On Thursday evening, a Facebook bug accidentally exposed the people who are posting on climate crisis spokesperson Greta Thunberg’s Facebook page: her dad Svantes Thunberg, and a climate crisis activist located in India named Adarsh Prathap.

Wired Magazine reported the glitch which “allowed anyone to easily reveal which accounts posted to Facebook Pages—including celebrities and politicians—for several hours.”

According to Wired, “All it took to exploit the bug was opening a target page and checking the edit history of a post. Facebook mistakenly displayed the account or accounts that made edits to each post, rather than just the edits themselves.”
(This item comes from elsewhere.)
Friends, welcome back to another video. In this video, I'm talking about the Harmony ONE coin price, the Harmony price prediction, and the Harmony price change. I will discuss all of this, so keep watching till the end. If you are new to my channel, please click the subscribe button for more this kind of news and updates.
The Swedish teen still claims that she wrote everything on her Facebook page, and then Prathap or her dad posted it for her.

After screenshots appeared on Imgur, 4chan, and social media revealing her dad and Prathap’s Facebook accounts were posting for Greta, the Swedish teen (or her dad or Prathap) posted an explanation:

“Some people have been asking who manages this page. First of all, since last spring I only use Facebook to repost what I write on my Twitter and Instagram accounts. Since I have chosen not to be on Facebook personally ( I tried early on but decided it wasn’t for me) I use my father Svantes account to repost content, because you need an account to moderate a Facebook page. The rest that is shared on Facebook is reposted from Twitter and Instagram by the guy who founded the Greta Thunberg Facebook page long before I knew it existed. His name is Adarsh Prathap and he lives in India. Since a lot of people thought it was my official page in the beginning I asked if I could co-manage it and he said yes. All texts posted on my Facebook page has of course been written by me, just like everything else.”

Facebook’s statement about the glitch read: “We quickly fixed an issue where someone could see who edited or published a post on behalf of a Page when looking at its edit history. We are grateful to the security researcher who alerted us to this issue.”